[Work task]:
Below are lines of data; restate word for word those running from the line containing "Seat Leon 1.6 TDI Style 2014 – снимка 2" to the line containing "8003 Carillon Way", inclusive, and no others.

[Data]:
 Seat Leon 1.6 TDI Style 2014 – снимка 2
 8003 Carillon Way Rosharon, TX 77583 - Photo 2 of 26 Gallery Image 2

---

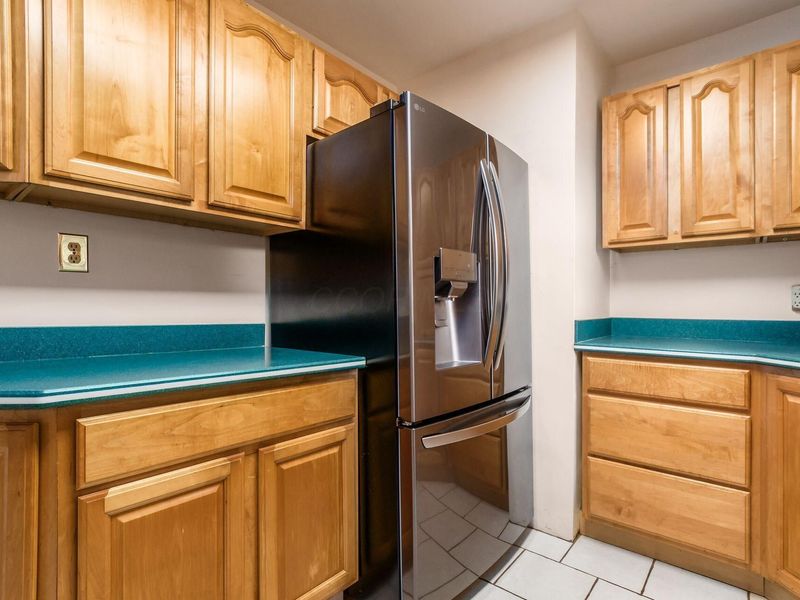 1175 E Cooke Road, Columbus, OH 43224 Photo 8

[Result of this exercise]:
 Seat Leon 1.6 TDI Style 2014 – снимка 2
 8003 Carillon Way Rosharon, TX 77583 - Photo 2 of 26 Gallery Image 2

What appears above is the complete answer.